**REQUIRED WORK:**
Under this line are records; the part from the line containing "Yellow Turn-down Collar Plaid Shirt Coat" through the line containing "2024 Volkswagen Golf" should be repeated exactly. Please exclude pictures.

**DATA LISTING:**
----------------------------------------

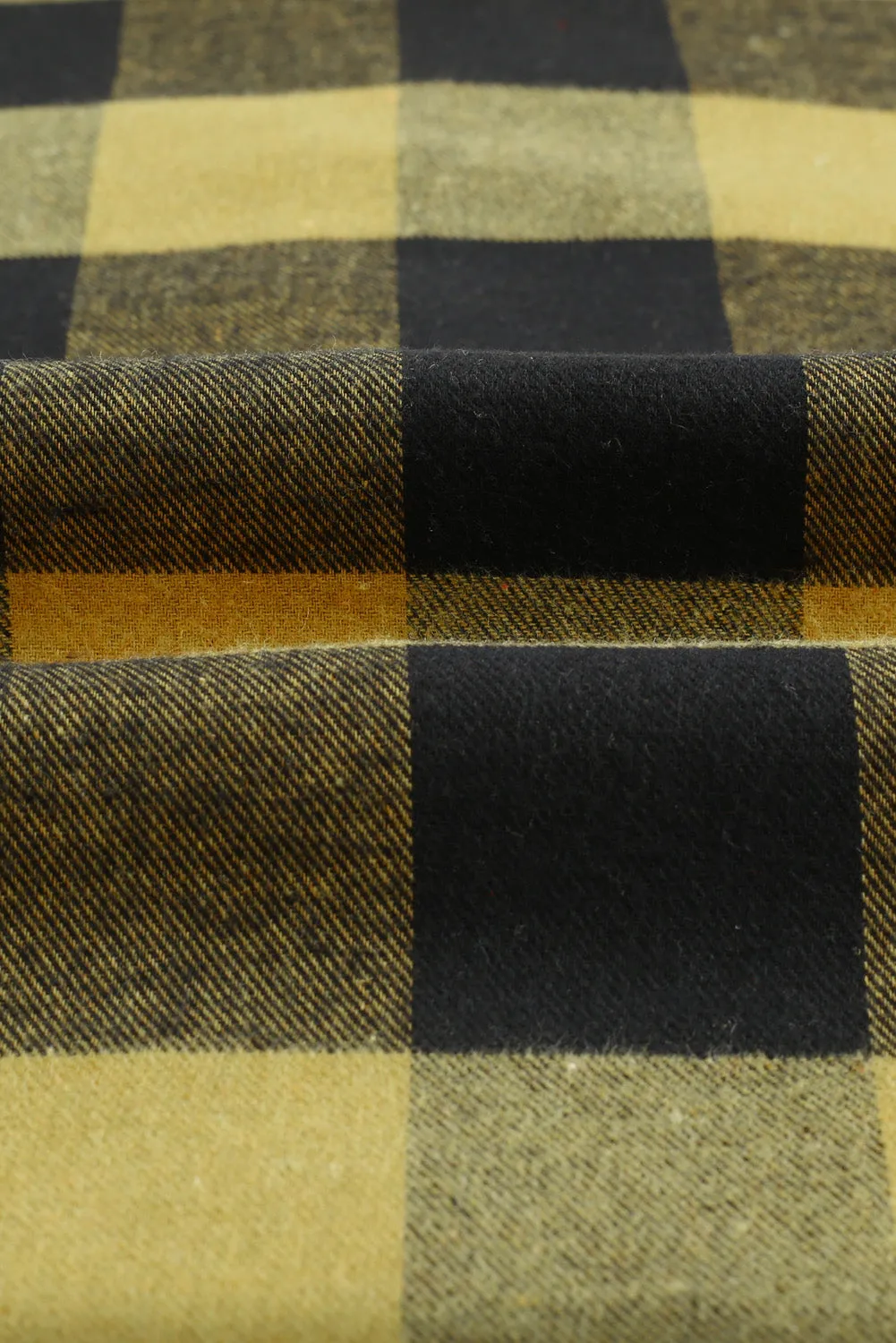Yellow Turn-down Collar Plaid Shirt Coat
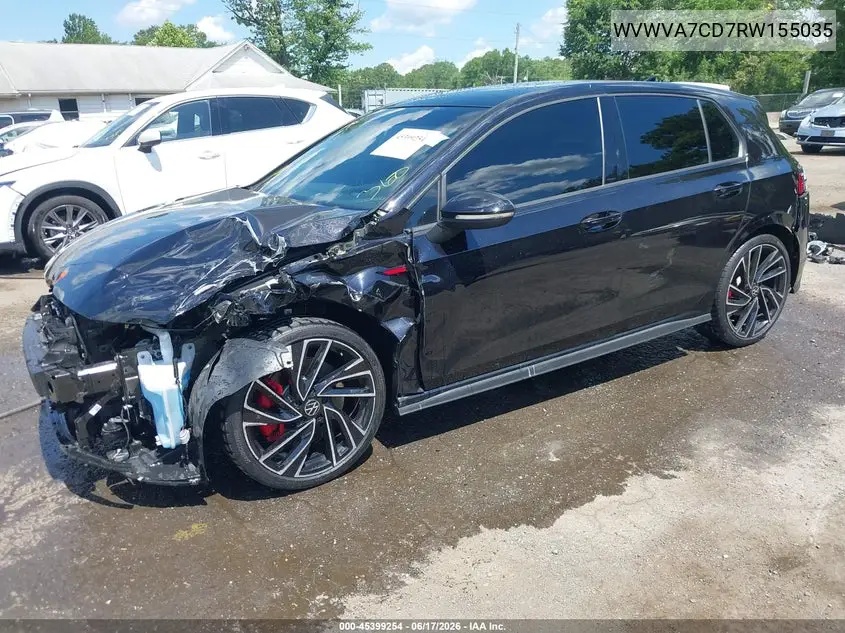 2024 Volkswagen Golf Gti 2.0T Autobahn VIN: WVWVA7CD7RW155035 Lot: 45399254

----------------------------------------

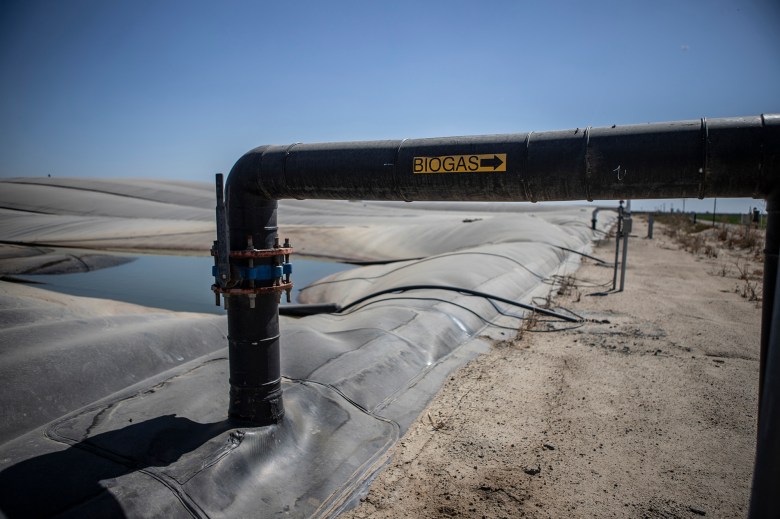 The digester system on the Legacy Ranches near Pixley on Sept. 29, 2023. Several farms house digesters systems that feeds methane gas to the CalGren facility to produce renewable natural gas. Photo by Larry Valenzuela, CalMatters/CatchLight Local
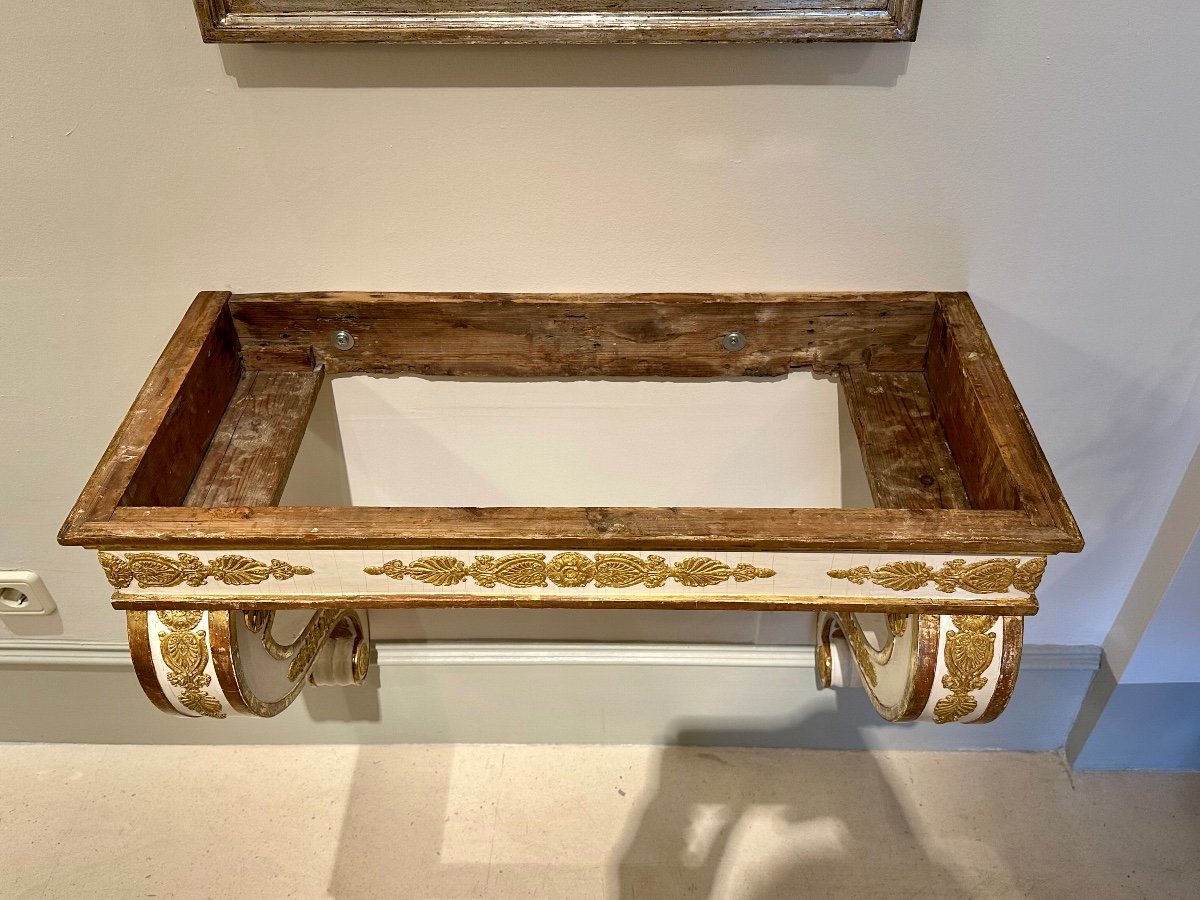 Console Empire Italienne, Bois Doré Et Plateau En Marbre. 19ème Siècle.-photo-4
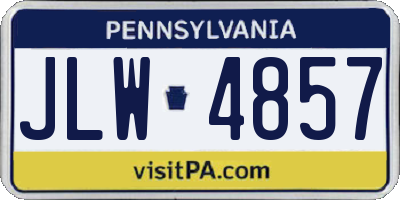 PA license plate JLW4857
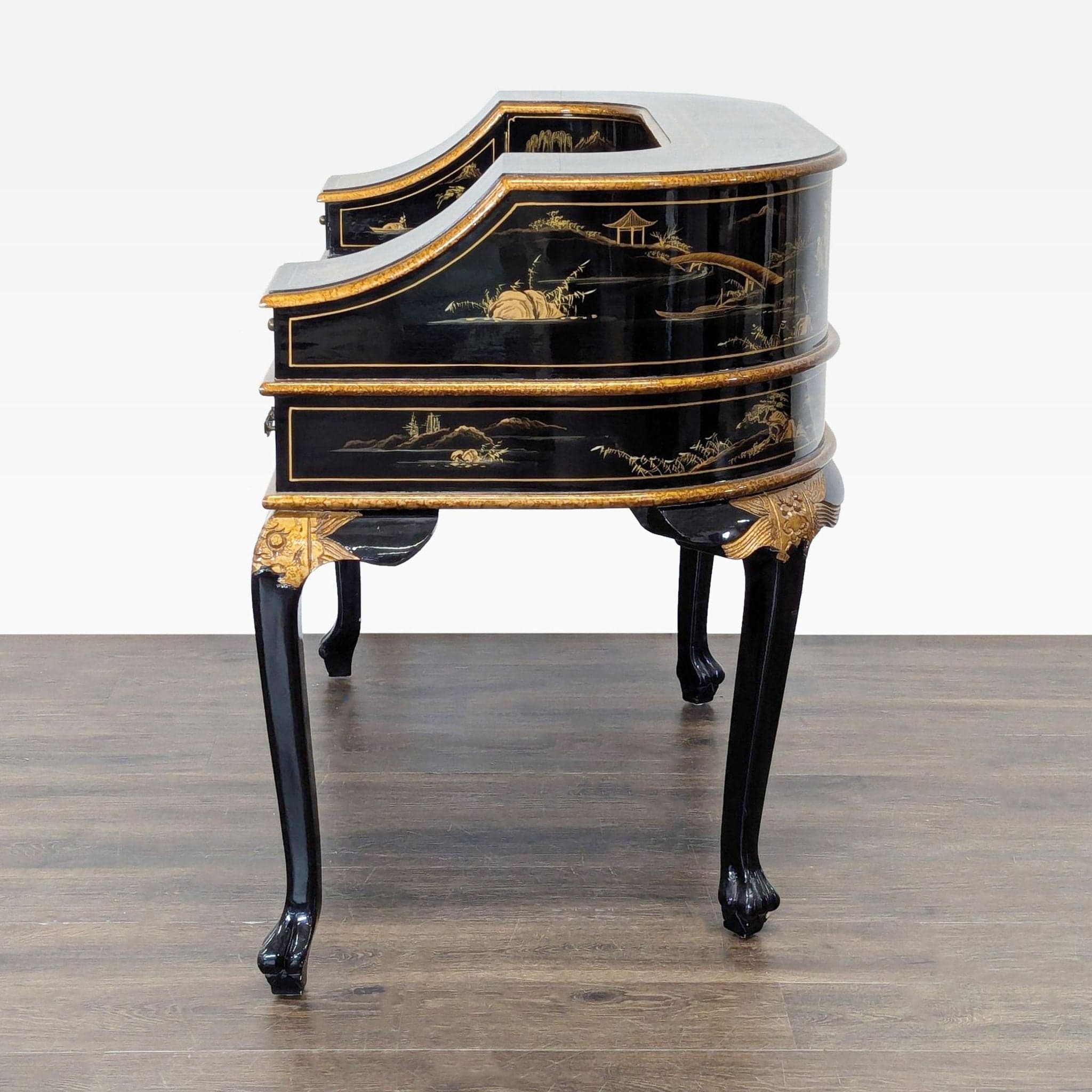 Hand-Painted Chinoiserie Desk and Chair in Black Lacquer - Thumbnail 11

----------------------------------------

**ANSWER BOX:**
Yellow Turn-down Collar Plaid Shirt Coat
 2024 Volkswagen Golf Gti 2.0T Autobahn VIN: WVWVA7CD7RW155035 Lot: 45399254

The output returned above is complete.